Operating Engineers 324 says it’s been negotiating with Rieth-Riley Construction for more than a year and hundreds of members have been working without a new contract since June 2018.
The union announced Wednesday morning that members who operate heavy machinery for Reith-Riley are now on strike over “unfair labor practices.”
The union says the National Labor Relations Board has accused Rieth-Riley of unlawful activities that could amount to more than $1.8 million in back pay, including stranding workers near construction sites and denying them unemployment benefits during a lockout around Labor Day that stalled construction projects statewide.
However, in a statement to The Detroit News, Rieth-Riley said it agreed to “essentially all wages, terms and conditions” negotiated with other contractors except for the union’s subcontracting clause.
Rieth-Riley is a contractor for Kent County. The strike impacts work on Byron Center Avenue from 84th Street to 92nd Street in Byron Center and neighborhood streets north of 36th Street in Cascade Township.
“All of a sudden it stopped.

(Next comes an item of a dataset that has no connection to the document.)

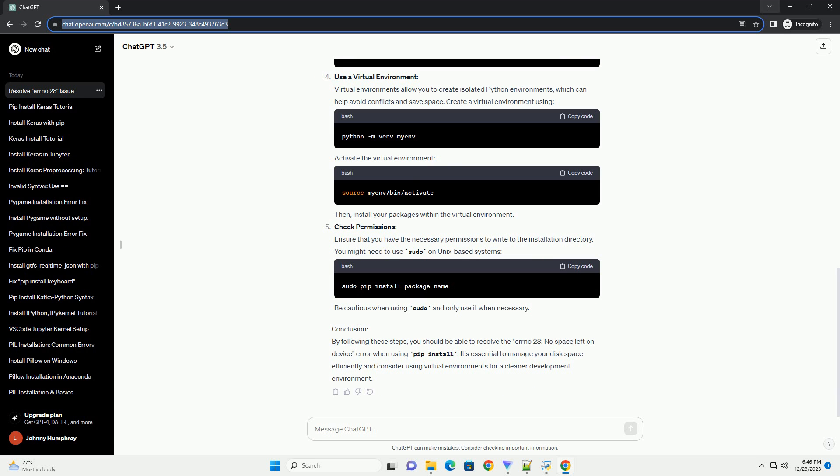Specify a different installation directory: You can specify a different installation directory with the target option to ensure that you have enough space in the chosen location.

So we were wondering what was going hap- what was happening,” said a man who lives in Cascade Township neighborhood with torn up roads.
“There were some gaps between the finished roads and the new curbs that I think if this thing extends more than a week, we’re probably going to have to go out and fill some of those things just because if a kids bike goes in there, he’s going to take a tumble,” he added.
The road commission says beginning Thursday, crews still on the job will restore asphalt along the center lane of Byron Center Avenue and restore all traffic lanes.
In Cascade Township, road crews will repair spots in subdivisions where asphalt was removed.
“Right now, without a date or a time we need to assume it could be a week or it could be a month,” said Jerry Byrne, deputy managing director of operations for the Kent County Road Commission.
The road commission says once the labor dispute is resolved, it will work with Rieth-Riley to reschedule remaining work on both projects.
“As long as it doesn’t go into winter or anything like that, we’ll be good,” said another Cascade Township man.
However, the union warned the strike could also impact other road projects. Rieth-Riley manufactures asphalt for its company and other contractors, which means halted work could limit the asphalt supply.